Sep 8, 2019 (Updated Sep 9, 2019)  
The Hiding Game
The Hiding Game
Naomi Wood | 2019 | Fiction & Poetry, History & Politics
10
10.0 (1 Ratings)
Book Rating
A completely engrossing novel about Weimar, Bauhaus and complicated relationships
The Hiding Game is set mostly in the period between the two World Wars at the Bauhaus art school. This was a time of great change in Germany, both politically and artistically. Paul Beckermann starts his study at Bauhaus in 1922, and forms one of a group of six friends. He falls in love with the unobtainable Charlotte, a young woman from Czechoslovakia, but she loves Jenö, who in turn is loved by Paul’s best friend Walter. It seems like an impossible love triangle (or even a square?!). These strong feelings lead to betrayal in a time that it was very easy to utterly destroy lives. The six friends drift apart, mainly out of necessity (Bauhaus was not liked at all by the traditionalists in the National Socialist party), but also they just couldn’t be together anymore.

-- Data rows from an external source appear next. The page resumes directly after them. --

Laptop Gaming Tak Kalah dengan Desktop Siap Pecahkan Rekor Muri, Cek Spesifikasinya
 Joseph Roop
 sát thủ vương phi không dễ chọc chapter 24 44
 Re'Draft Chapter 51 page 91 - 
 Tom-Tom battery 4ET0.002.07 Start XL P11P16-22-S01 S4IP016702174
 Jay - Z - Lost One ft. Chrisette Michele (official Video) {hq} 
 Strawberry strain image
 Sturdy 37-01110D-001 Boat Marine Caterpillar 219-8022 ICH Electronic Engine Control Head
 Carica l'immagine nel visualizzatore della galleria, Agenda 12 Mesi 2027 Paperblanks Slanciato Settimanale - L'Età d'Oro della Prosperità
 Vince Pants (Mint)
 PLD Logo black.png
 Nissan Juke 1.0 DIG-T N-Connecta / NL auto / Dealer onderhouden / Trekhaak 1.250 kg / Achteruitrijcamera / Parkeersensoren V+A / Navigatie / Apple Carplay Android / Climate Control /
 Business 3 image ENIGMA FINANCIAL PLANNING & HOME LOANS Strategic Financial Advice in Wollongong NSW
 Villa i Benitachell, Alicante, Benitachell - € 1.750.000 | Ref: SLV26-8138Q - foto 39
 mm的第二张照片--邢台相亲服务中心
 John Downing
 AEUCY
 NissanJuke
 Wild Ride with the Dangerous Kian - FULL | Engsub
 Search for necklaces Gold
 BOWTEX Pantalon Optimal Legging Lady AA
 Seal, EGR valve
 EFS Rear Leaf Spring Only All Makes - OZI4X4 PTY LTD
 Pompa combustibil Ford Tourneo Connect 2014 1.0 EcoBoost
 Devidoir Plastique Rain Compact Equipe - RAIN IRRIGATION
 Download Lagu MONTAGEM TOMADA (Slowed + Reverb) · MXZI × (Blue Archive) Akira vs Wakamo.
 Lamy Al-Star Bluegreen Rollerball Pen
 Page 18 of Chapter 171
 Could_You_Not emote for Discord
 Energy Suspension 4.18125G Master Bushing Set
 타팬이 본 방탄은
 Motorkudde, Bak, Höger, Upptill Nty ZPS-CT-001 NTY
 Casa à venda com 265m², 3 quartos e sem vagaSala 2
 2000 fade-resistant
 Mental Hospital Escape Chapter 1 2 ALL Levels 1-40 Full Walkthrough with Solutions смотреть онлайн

Paul, as an older man living in England, looks back at this period in his life and how it went tragically wrong. Not all of the six friends were as fortunate as he was.

It’s a heartbreaking and also a suspenseful novel. Someone with only a limited knowledge of this period will know of the kind of tragedy that could befall people then. Paul’s guilt and sadness are palpable throughout the book, and I really felt for him. This isn’t really a book where the characters find some sort of forgiveness for themselves - there is none to find. Terrible things happened, and the survivors had to find a way to live with themselves afterwards.

I loved the details about Bauhaus. I did some study on it during my German degree, and it filled in some gaps in my knowledge (there are quite a few gaps to fill when you did that degree 25 years ago!), and I’m always on the lookout for books set in Germany, especially those with a good helping of history (this has it in spades!). And for me, this really didn’t disappoint. I loved it, and I’ll be recommending it to friends (ex-German degree friends as well!).

Many thanks to NetGalley and Picador for my copy of this wonderful book.